[Exercise input — start]
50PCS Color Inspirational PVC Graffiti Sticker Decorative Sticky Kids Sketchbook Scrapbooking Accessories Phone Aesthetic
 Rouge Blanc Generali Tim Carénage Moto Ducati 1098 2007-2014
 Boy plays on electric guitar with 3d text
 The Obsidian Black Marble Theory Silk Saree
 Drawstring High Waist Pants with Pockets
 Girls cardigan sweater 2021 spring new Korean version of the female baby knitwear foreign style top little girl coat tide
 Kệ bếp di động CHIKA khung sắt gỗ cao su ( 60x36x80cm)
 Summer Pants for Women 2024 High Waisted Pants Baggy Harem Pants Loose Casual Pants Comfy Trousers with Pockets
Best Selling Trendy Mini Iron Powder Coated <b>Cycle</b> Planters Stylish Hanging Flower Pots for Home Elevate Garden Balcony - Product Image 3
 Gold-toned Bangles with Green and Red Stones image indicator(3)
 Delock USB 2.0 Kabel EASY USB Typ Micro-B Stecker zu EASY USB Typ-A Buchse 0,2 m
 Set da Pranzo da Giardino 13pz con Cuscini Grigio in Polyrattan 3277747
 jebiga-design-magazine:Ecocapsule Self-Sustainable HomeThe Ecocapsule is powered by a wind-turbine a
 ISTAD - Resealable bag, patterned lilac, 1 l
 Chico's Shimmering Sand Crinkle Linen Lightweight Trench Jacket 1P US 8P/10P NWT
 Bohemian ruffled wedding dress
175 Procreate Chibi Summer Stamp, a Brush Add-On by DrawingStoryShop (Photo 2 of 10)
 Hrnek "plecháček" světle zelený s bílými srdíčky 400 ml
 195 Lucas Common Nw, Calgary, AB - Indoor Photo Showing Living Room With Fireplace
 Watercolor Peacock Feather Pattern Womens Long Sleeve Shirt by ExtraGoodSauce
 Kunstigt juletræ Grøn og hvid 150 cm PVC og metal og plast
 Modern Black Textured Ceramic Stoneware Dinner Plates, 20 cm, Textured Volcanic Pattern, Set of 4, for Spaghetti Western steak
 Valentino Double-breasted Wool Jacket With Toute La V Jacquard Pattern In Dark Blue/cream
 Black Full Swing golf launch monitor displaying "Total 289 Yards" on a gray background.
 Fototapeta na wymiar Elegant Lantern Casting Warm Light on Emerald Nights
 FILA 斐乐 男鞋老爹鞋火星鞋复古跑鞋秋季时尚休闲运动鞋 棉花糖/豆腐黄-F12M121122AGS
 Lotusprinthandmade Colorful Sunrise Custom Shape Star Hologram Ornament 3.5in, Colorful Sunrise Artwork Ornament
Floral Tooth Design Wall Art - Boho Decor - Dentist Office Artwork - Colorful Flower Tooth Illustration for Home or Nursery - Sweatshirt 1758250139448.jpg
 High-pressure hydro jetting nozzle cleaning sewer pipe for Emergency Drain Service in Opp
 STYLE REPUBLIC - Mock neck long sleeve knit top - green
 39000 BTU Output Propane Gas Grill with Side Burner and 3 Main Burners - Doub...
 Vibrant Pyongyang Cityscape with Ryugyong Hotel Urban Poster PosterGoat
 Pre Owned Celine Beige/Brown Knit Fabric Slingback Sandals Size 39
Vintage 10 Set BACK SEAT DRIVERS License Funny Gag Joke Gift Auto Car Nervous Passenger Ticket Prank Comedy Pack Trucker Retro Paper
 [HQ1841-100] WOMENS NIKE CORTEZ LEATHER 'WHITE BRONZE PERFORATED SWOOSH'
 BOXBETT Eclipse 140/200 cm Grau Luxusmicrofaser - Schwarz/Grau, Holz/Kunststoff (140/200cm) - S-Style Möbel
[Exercise input — finish]
Retype exactly, and only, the lines above from the one where "Modern Black Textured" occurs up to and including the one where "Pre Owned Celine" occurs.

Solved problem
 Modern Black Textured Ceramic Stoneware Dinner Plates, 20 cm, Textured Volcanic Pattern, Set of 4, for Spaghetti Western steak
 Valentino Double-breasted Wool Jacket With Toute La V Jacquard Pattern In Dark Blue/cream
 Black Full Swing golf launch monitor displaying "Total 289 Yards" on a gray background.
 Fototapeta na wymiar Elegant Lantern Casting Warm Light on Emerald Nights
 FILA 斐乐 男鞋老爹鞋火星鞋复古跑鞋秋季时尚休闲运动鞋 棉花糖/豆腐黄-F12M121122AGS
 Lotusprinthandmade Colorful Sunrise Custom Shape Star Hologram Ornament 3.5in, Colorful Sunrise Artwork Ornament
Floral Tooth Design Wall Art - Boho Decor - Dentist Office Artwork - Colorful Flower Tooth Illustration for Home or Nursery - Sweatshirt 1758250139448.jpg
 High-pressure hydro jetting nozzle cleaning sewer pipe for Emergency Drain Service in Opp
 STYLE REPUBLIC - Mock neck long sleeve knit top - green
 39000 BTU Output Propane Gas Grill with Side Burner and 3 Main Burners - Doub...
 Vibrant Pyongyang Cityscape with Ryugyong Hotel Urban Poster PosterGoat
 Pre Owned Celine Beige/Brown Knit Fabric Slingback Sandals Size 39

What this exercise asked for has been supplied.